Born in Leven, Fife on 2 September 1824, Alexander Balfour was the eldest son of Henry Balfour of Dawyck, a member of the Scottish landed gentry and foundry owner, and his wife Agnes Bisset. Educated at the High School of Dundee and St Andrews University, Balfour moved to Liverpool in 1844 and went on to become one of the city’s most consequential merchant figures of the nineteenth century.
Balfour Williamson and Commercial Life in Liverpool
In 1851, Balfour co-founded Balfour Williamson alongside Stephen Williamson and David Duncan, establishing a shipping company that grew into a major Liverpool trading house. Beyond commerce, he was a committed philanthropist who founded the Duke Street Home to improve conditions for sailors, and created orphanages for seamen’s children – work that reflected the welfare concerns common to Liverpool’s maritime community. He married Janet Roxburgh, daughter of a Free Church of Scotland minister, and the couple had eight children. Among the family’s later connections, his grandson Neil Roxburgh Balfour was the former husband of Princess Elizabeth of Yugoslavia.

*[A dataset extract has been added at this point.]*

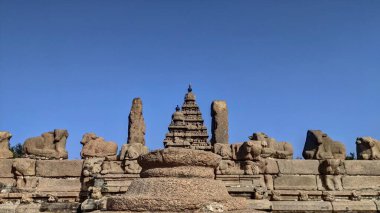 Dünyaca ünlü miras sitesi Sahil Tapınağı kumtaşında daha fazla heykel çalışması - Mahabalipuram, Tamil Nadu, Hindistan. Dünyaca ünlü miras sitesi.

Legacy in Education and Public Memory
In 1885, Balfour co-founded Edge Hill College – now Edge Hill University – making it the first non-denominational teacher training college for women in England. The university has named a Halls of Residence Balfour in his honour. After purchasing a country estate at Mount Alyn near Rossett, south of Chester, he died there on 16 April 1886 and is buried at Christchurch Cemetery, Rossett, in Wrexham. In Liverpool, a statue by sculptor Albert Bruce-Joy commemorates him in St John’s Gardens, close to the city centre.